Should print 32768. After this the compaction warning stops and conversations work correctly.

The models.json merge issue is worth keeping in mind for any future provider config changes. If an openclaw config set models.providers.* command says “Updated” but the change doesn’t appear in behaviour, check whether models.json still has the old value and patch it directly.

What’s working at this point #

After this post, the stack looks like this: a message from Telegram reaches OpenClaw (CT 111), which routes it to Gemma 4 E4B on the AMD container (CT 101) for a response. The NVIDIA container (CT 100 / Qwopus) is idle from OpenClaw’s perspective – it’s waiting for the Pi coding agent setup in a later post.

What’s not wired yet: the coding execution path. Right now OpenClaw is pure conversation – it can answer questions and continue a context, but it can’t open files, run code, or interact with the filesystem. That’s the Pi layer (CT 110), which is post 6.

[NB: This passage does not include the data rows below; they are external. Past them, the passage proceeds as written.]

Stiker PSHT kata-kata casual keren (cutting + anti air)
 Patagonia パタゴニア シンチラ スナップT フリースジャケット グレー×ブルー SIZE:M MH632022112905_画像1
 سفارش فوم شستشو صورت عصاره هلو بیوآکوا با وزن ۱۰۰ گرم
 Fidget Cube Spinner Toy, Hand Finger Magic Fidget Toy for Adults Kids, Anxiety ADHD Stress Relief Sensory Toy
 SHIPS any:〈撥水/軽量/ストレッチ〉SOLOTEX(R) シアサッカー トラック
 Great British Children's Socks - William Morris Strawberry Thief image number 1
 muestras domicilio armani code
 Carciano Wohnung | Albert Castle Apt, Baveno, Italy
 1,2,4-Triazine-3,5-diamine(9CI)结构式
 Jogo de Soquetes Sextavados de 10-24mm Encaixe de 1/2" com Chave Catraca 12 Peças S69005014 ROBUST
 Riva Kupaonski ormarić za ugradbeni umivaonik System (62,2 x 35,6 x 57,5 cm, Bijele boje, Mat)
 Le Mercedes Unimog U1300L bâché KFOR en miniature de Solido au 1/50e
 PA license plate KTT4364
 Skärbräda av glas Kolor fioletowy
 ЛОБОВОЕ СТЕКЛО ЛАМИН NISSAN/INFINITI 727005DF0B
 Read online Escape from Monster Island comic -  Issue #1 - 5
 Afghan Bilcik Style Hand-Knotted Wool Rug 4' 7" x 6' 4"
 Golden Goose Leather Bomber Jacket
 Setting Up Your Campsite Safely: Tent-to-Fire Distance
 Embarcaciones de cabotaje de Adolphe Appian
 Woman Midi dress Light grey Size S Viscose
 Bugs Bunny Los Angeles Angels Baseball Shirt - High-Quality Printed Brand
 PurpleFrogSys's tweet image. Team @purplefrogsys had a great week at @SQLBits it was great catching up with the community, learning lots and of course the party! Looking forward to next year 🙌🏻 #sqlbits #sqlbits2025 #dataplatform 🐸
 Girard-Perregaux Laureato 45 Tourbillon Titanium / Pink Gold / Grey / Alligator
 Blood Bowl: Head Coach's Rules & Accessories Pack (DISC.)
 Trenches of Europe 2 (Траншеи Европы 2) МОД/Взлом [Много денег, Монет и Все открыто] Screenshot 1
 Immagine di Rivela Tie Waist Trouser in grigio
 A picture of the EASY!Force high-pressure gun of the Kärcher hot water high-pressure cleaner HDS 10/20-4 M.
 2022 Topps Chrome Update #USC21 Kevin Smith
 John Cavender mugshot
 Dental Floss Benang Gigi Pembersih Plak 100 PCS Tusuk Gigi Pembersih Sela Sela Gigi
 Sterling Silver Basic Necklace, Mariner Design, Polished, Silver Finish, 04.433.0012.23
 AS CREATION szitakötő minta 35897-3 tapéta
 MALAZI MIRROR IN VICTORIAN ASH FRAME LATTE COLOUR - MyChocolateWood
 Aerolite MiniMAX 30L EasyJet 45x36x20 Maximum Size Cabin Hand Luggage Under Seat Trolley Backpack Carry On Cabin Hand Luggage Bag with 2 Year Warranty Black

A few things I want to document once I’ve run this for a few days: actual latency from Signal send to first token, whether tool calling works reliably with openai-completions mode on llama-server for Gemma 4 E4B, and whether the role separation holds in practice – or whether I end up wanting OpenClaw to be able to escalate to Qwopus for heavier reasoning tasks.

What’s Next #

Pi Coding Agent setup post covers setting up Pi as the local coding agent — wired to receive tasks from OpenClaw and executing them against the NVIDIA inference endpoint.